Don’t Forget Teens

James Heckman has done an extraordinary service by bringing psychological research on early interventions to the attention of a broad audience. His review of the scientific evidence is compelling and makes the case that parental training and educational enrichment in the early years have critical and lasting effects on children. Further, he makes the extremely important point that these effects are mediated not by changes in IQ, but rather by changes in non-cognitive factors, such as motivation, persistence, and resilience.

Arguing that allocating funds for early education programs is preferable to funding programs that deal with the aftermath of poor early environments, Heckman introduces the idea of the equity-efficiency tradeoff: although the latter programs are equitable, the return on investment is low and they are thus not economically efficient.

I strongly support early interventions, but Heckman’s comparisons can be misleading. First, he compares early programs that foster non-cognitive skills to later remedial programs such as adult literacy programs or public job training programs, which address mostly specific cognitive or job skills. All along he has argued for the importance and the malleability of non-cognitive skills, so wouldn’t the proper comparison be adolescent and adult programs that focus on non-cognitive skills?

Second, and even more important, he compares the very costly early interventions to very costly later interventions. What if there were interventions for adolescents that addressed non-cognitive factors and were both inexpensive and effective?

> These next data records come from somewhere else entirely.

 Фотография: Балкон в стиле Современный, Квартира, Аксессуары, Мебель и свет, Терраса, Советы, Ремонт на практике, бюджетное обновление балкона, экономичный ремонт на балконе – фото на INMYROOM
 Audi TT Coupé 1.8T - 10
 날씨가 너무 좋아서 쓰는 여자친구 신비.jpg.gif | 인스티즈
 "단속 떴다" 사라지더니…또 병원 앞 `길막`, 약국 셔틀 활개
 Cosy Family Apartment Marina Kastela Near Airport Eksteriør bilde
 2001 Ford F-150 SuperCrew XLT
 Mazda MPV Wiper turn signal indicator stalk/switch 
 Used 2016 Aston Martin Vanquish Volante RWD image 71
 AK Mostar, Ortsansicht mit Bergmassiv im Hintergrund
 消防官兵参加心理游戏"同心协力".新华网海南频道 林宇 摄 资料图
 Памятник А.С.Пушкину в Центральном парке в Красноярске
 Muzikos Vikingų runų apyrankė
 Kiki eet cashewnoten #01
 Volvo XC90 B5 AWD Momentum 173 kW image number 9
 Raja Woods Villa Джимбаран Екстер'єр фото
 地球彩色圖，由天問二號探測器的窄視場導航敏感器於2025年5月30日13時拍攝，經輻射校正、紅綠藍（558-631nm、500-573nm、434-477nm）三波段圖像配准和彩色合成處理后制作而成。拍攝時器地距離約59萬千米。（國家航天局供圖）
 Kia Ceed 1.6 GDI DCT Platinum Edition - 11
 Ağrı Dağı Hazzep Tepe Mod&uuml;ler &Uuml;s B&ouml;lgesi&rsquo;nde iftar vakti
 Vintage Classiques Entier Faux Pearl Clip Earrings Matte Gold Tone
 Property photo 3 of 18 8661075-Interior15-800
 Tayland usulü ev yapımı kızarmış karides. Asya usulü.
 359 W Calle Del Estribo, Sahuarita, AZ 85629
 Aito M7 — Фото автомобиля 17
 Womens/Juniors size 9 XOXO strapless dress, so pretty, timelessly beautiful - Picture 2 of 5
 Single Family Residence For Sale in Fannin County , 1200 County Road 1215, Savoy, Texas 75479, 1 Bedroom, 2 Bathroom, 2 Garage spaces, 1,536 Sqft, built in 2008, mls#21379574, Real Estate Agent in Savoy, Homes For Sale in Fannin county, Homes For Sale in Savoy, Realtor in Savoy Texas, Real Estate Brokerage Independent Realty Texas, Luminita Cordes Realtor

In fact, there are. My colleagues and I have conducted interventions with adolescents in which they learn that their brains and intellect are malleable. They discover that when they stretch themselves to learn new things, their neurons form new connections and they can, over time, enhance their intellectual skills. Compared to a control group that learned only study skills, these students showed marked improvements in motivation, and their declining grades were sharply reversed. Researchers Catherine Good and Joshua Aronson have found similar effects. In studies led by David Yeager, high school students who were taught a malleable view of their intellectual and social skills showed positive changes in their grades, stress level, conduct (including aggression), and health that lasted over the course of the school year. Gregory Walton and Geoffrey Cohen have spearheaded interventions that address adolescents’ sense of their social and academic belonging in school, enhancing students’ motivation and resilience, and leading to a substantial and enduring decrease in the racial achievement gap. None of these treatments required more than eight short sessions, and most required less.

Interventions for adolescents can be inexpensive and efficient.

Heckman alludes to these kinds of interventions briefly when he points out that “remediation in the adolescent years targeted toward non-cognitive skills can repair some of the damage of adverse early environments,” but then implies that such remediation would fail the equity-efficiency test. Although I wouldn’t claim that these short non-cognitive interventions in adolescence can obliterate a problematic childhood, they do go a long way toward closing the achievement gap between disadvantaged and advantaged adolescents. And they work well for students with no prior enrichment; indeed, they often work best for those who are faring worst. This means that later interventions targeted at non-cognitive factors can achieve impressive gains with remarkable efficiency.

The success of the adolescent interventions derives from their laser-like focus on particular non-cognitive factors and the beliefs that underlie them—knowledge stemming from psychological theory. Such psychological precision needs to be brought to all aspects of early interventions. For example, my colleagues and I recently tested a hypothesis derived from psychological theory and showed that the type of praise a mother directs at her baby predicts the child’s desire for challenging tasks five years later. The early interventions Heckman discusses, although groundbreaking, have been massive and non-specific. For example, the Abecedarian Project was a year-round, full-day intervention that started at around four months of age and continued through age five. Other interventions involved lengthy home visits. For early interventions to become feasible on a large scale, we need to make them more efficient—we need to isolate their critical components and focus on them.

Early interventions are of tremendous importance for the future of our society, but so are focused, psychologically potent interventions with older children and adolescents. Our goal should be to use psychological research to make all of our interventions as efficient and potent as possible so that we do not have to decide who will be the haves and who will be the have-nots.